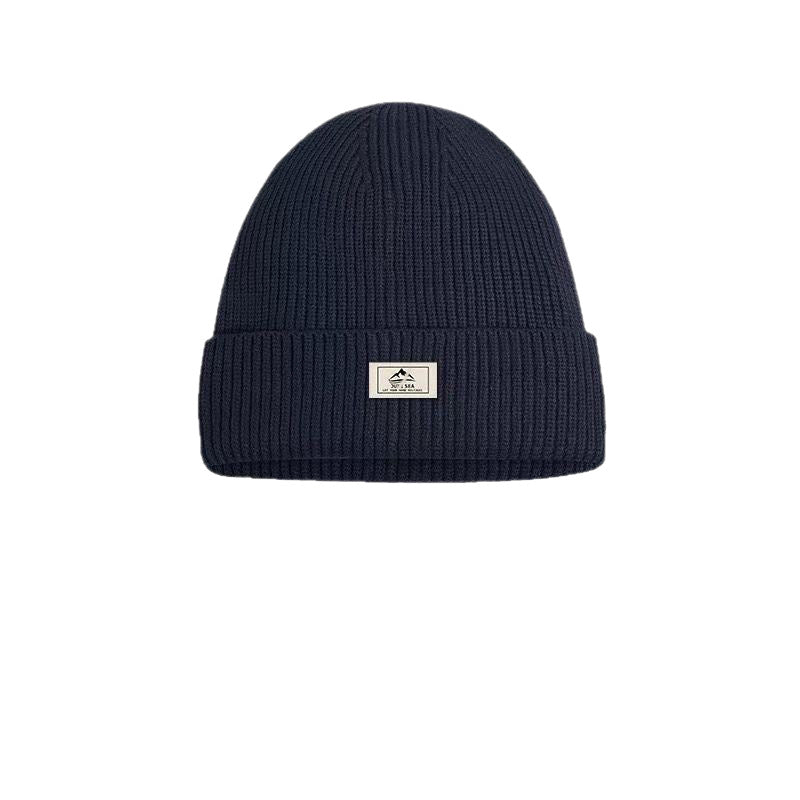 Unisex Winter Thickened Knitted Beanie & Balaclava 2-in-1, Men's Warm Cold-proof Headgear, Versatile Knit Hat Mask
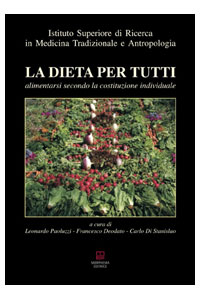 copertina di La dieta per tutti - Alimentarsi secondo la costituzione individuale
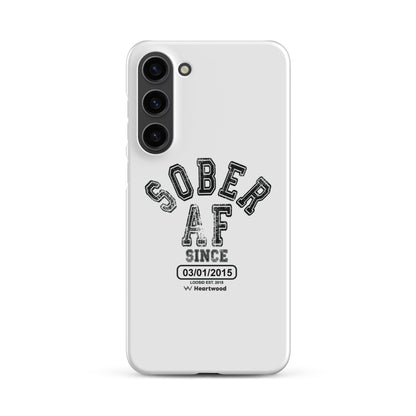 Sober AF Snap Recovery Phone Case side view (view 16)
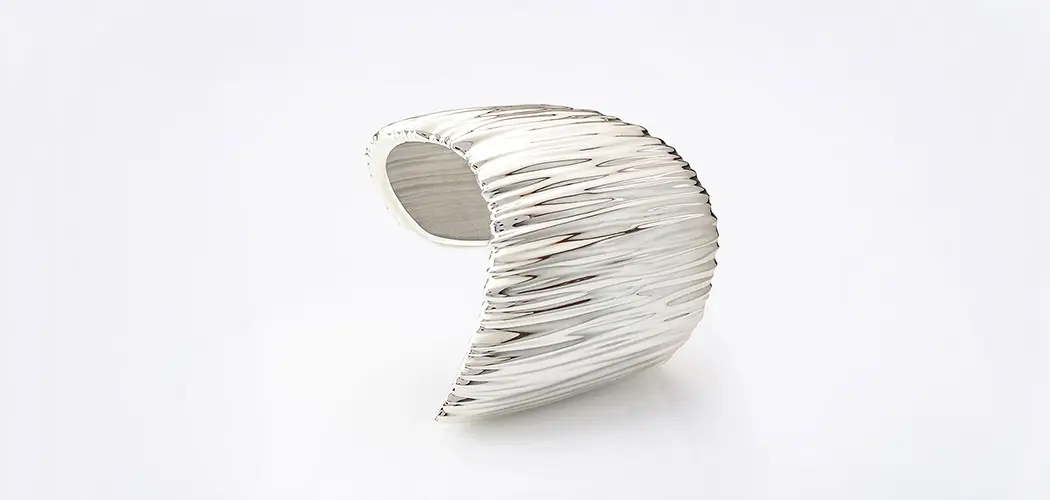 Energy Cuff texture study for the luxury industry by Groen Boothman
• • •
* Work instruction
The listing must be returned in full and exactly, apart from its pictures.

* Answer box
 Unisex Winter Thickened Knitted Beanie & Balaclava 2-in-1, Men's Warm Cold-proof Headgear, Versatile Knit Hat Mask
 copertina di La dieta per tutti - Alimentarsi secondo la costituzione individuale
 Sober AF Snap Recovery Phone Case side view (view 16)
 Energy Cuff texture study for the luxury industry by Groen Boothman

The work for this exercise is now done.